When Rumi confides her loneliness to Bixby, the bear replies, poetically:
It’s okay to feel sad at times. But brighter days do not always come to you, sometimes you must go to them. In a night full of darkness, be like the sun who volunteers its light to others.
As Rumi shares her worries with her mother, grandparents, and Bixby, her understanding of life, love and friendship deepens with each new experience. Rumi slowly begins to understand Rumi the poet’s ideas about friendship, which she too begins, tentatively to start channeling.
Rothstein also interweaves his own poetic touch with the poetry of Rumi. As Rumi matures as a character, her classmates are drawn to her strength, confidence and wisdom, “the kind that forms when someone builds tall their inner music.”
Will you give us the answers to our questions?” Rumi’s new friends ask.
“Do not seek the answers from me, for I cannot give them to you, Because then, you would not be able to live your own questions. Live the questions in the now. Then one day, maybe without even knowing it, your heart will live its w-way into the answers."
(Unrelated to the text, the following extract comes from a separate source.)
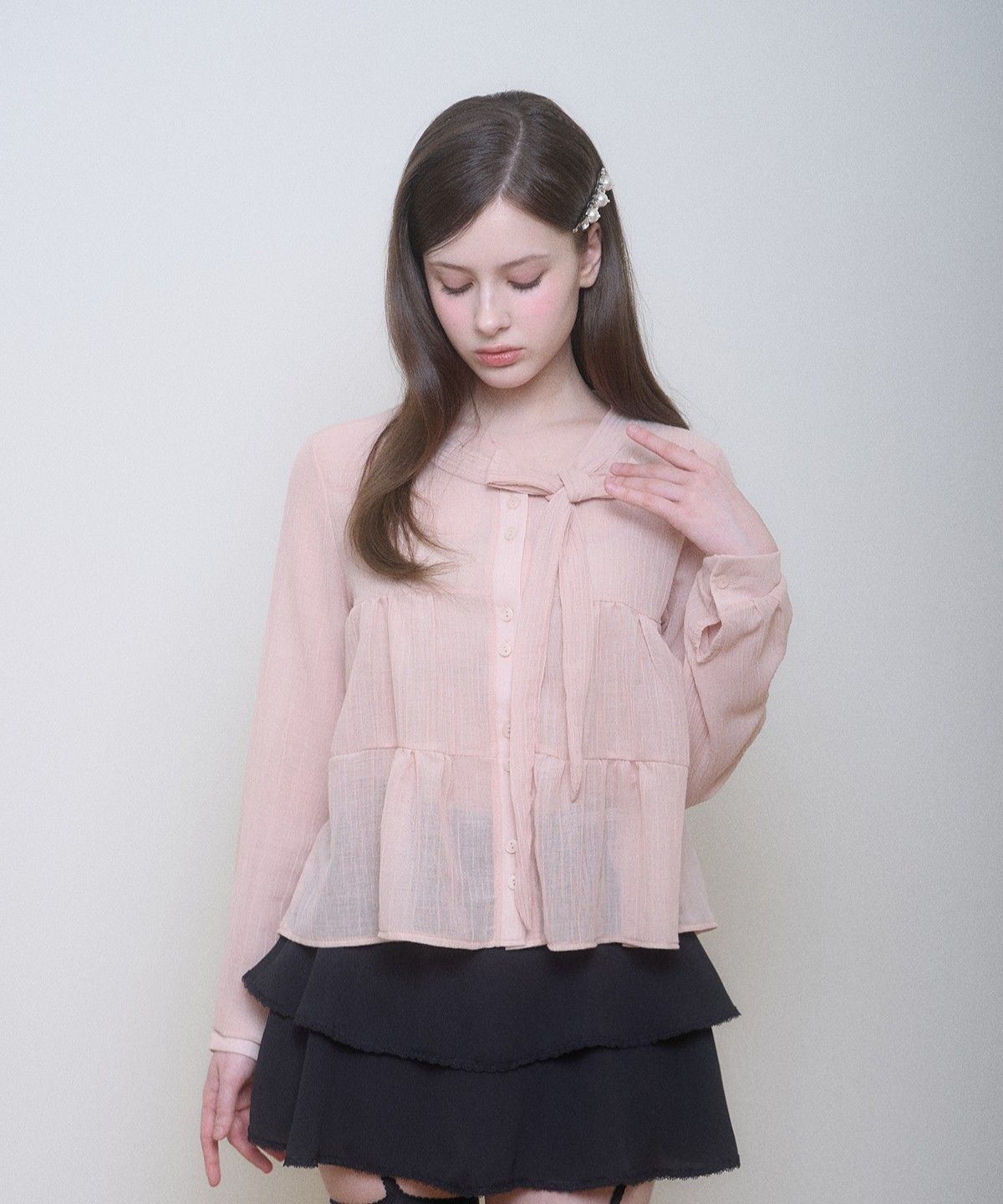 벨리아르(BELLIALEU) CELINE RIBBON BLOUSE PEACH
The underlying theme of all of Rumi’s poems is transformation, and Rumi And Bixby Bear is just that – A story of transformation in which a shy, friendless, stuttering girl discovers that “Ever since the morning of my life, friendship heard my name and has been running through the schoolyard trying to catch me.”
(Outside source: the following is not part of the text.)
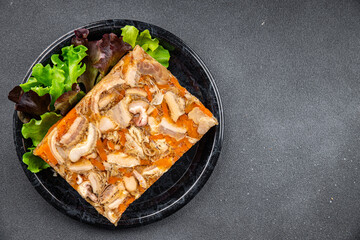 meat tripe mini beef meat Normandy cider  in jelly healthy meal food snack on the table copy space food background rustic top view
"Look at the sunset! Can you hear the trees?” Bixby asks Rumi. Rumi looked around and admired the world and all of its beauty. “Isn’t it amazing? Even after all this time, the sun never says to the earth, ‘You owe me.’ Look what happens with a friendship like that. It becomes a love that lights the whole sky!”
This is a story that contains lessons and wisdom that will speak to any human being regardless of their age and profession but is targeted towards the young. Rothstein has created a free curriculum, which can be downloaded for free at http://www.rumiandbixbybear.com, for teachers and parents to discuss some of the ideas of self-growth and actualization explored throughout the book and, at the same time, explore Rumi’s poetry and metaphors in an entertaining way.
The world would be a better place if every child were to read, or have read to them, The Adventures of Rumi and Bixby Bear.